*TASK INSTRUCTIONS:* Take from the entries below the stretch from the line with "A female engineer" through the line with "Gold initial and", and return it exactly, leaving the pictures out.

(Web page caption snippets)

──────────────────────────────

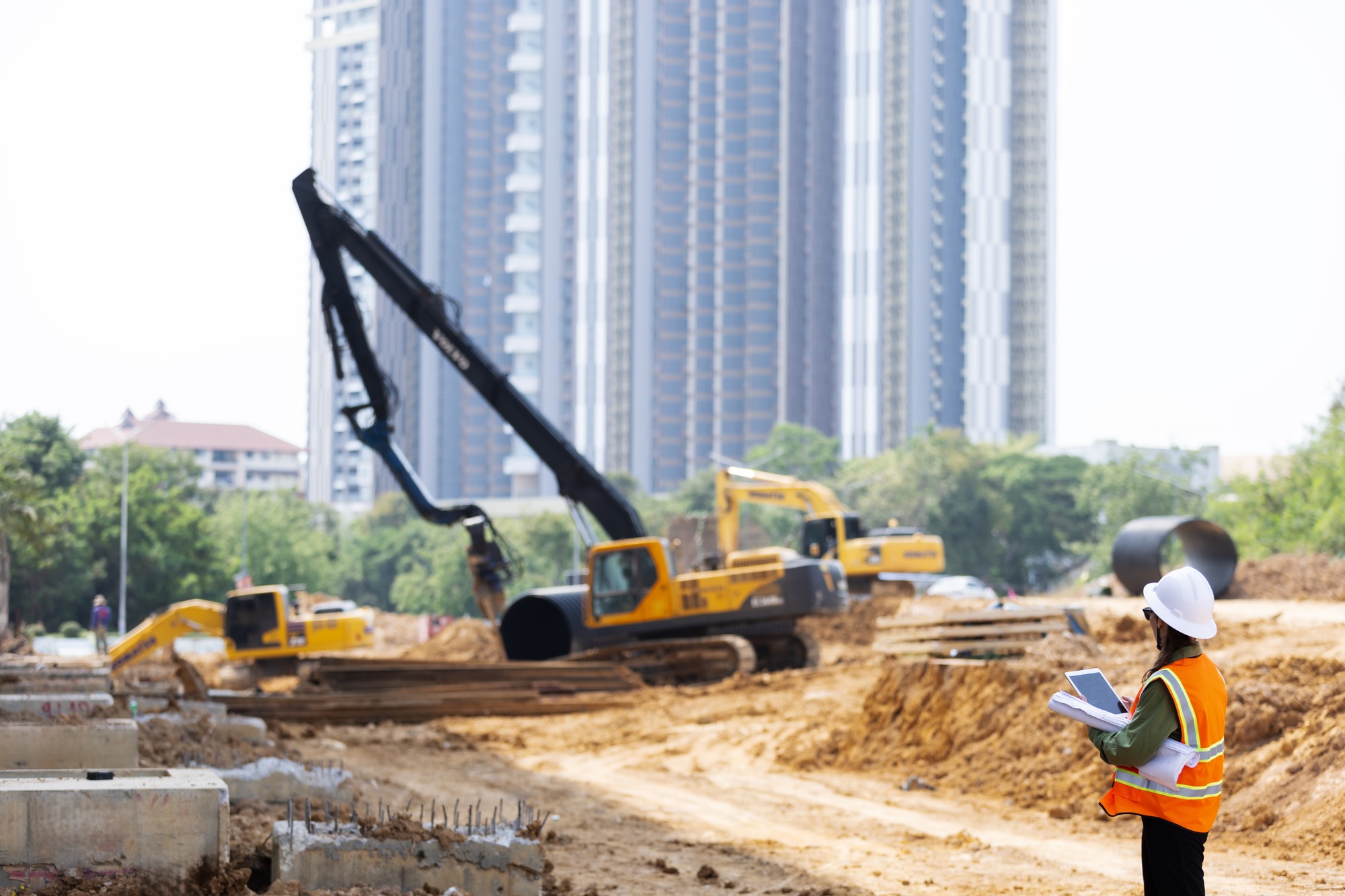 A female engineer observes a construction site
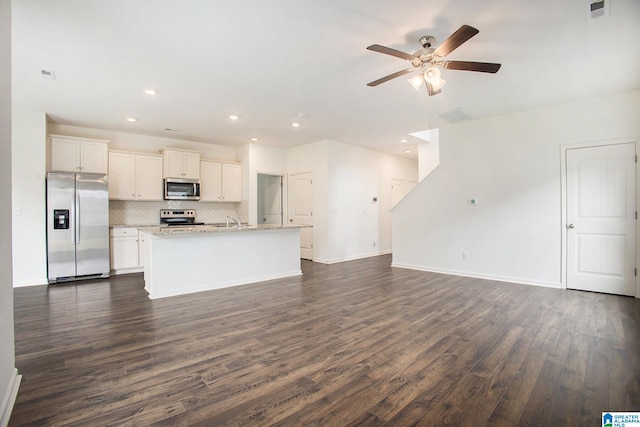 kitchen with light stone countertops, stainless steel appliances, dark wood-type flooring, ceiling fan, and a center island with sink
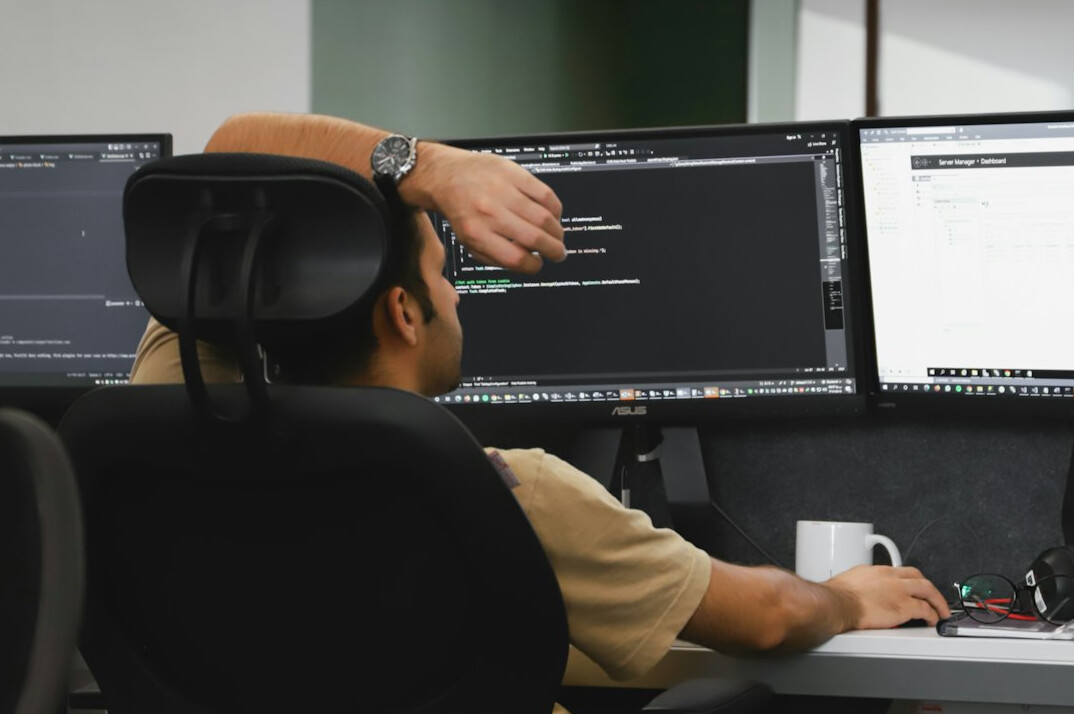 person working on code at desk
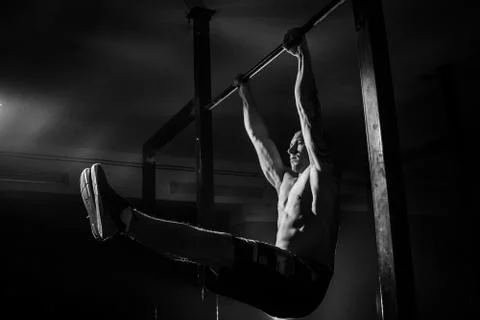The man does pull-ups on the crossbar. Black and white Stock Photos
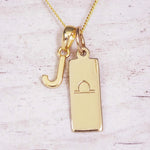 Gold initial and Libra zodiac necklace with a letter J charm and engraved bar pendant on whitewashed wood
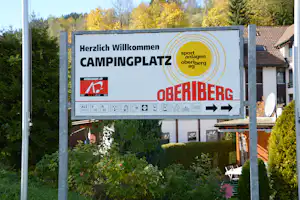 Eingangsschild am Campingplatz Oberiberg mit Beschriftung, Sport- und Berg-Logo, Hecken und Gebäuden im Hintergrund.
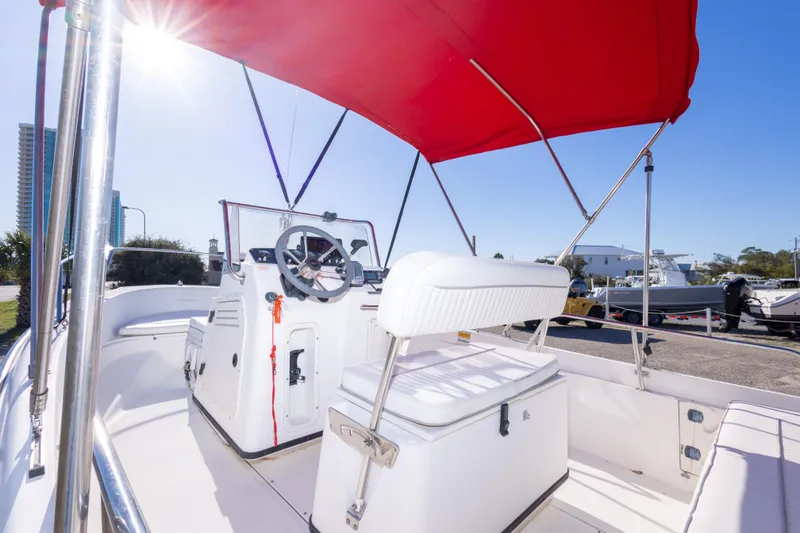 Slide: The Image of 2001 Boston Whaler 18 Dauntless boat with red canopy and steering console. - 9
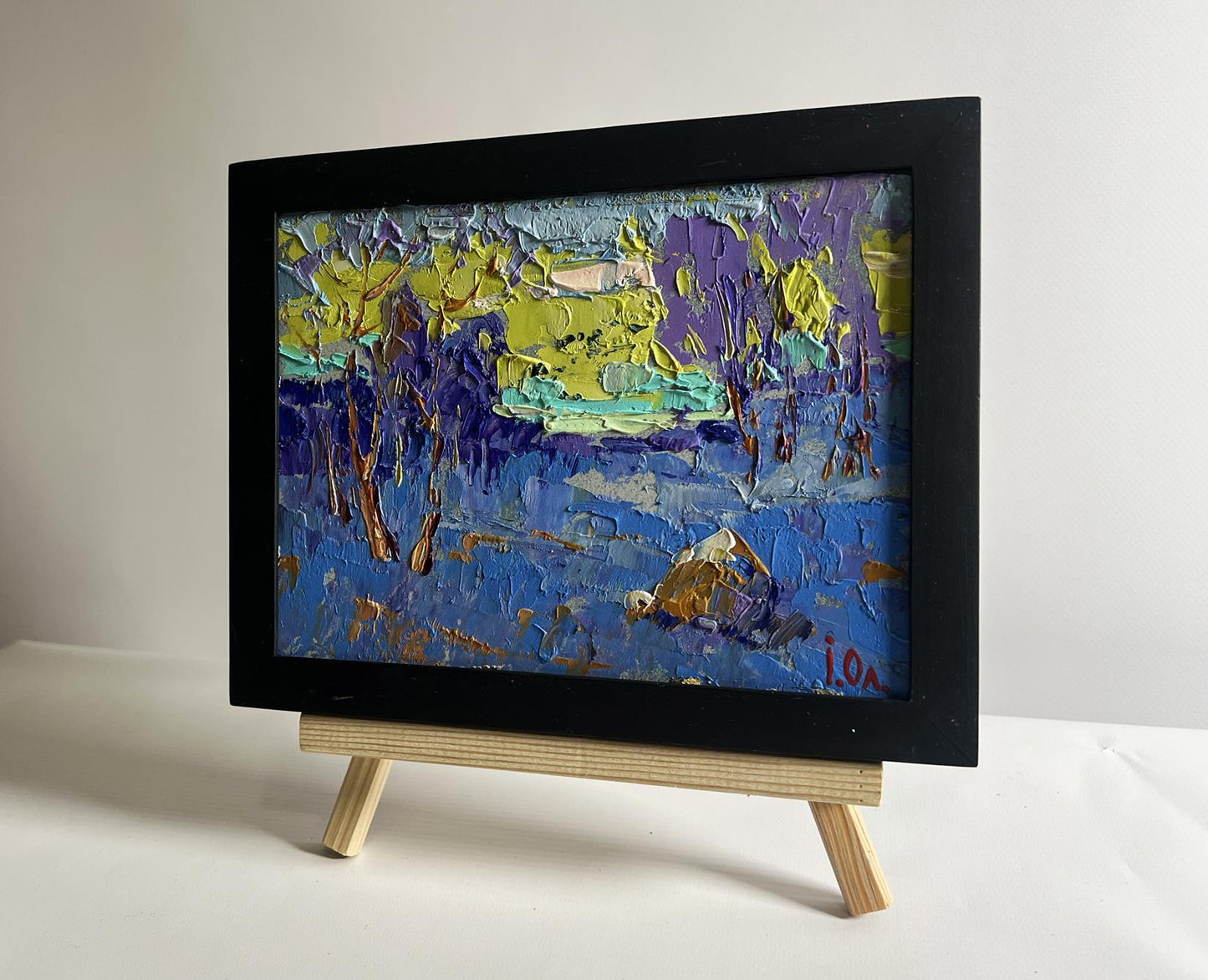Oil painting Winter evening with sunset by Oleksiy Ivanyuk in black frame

──────────────────────────────

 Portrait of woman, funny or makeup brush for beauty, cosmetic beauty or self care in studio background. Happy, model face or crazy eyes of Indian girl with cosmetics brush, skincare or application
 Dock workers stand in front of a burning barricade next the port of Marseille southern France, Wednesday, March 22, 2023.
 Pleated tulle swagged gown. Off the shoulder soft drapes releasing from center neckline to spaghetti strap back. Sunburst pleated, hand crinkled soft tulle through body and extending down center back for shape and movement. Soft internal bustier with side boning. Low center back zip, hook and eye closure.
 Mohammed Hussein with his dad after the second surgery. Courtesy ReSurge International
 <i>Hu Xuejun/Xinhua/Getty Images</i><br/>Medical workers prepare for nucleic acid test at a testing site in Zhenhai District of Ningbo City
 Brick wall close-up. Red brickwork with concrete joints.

──────────────────────────────

*RESULT:*
 A female engineer observes a construction site
 kitchen with light stone countertops, stainless steel appliances, dark wood-type flooring, ceiling fan, and a center island with sink
 person working on code at desk
The man does pull-ups on the crossbar. Black and white Stock Photos
 Gold initial and Libra zodiac necklace with a letter J charm and engraved bar pendant on whitewashed wood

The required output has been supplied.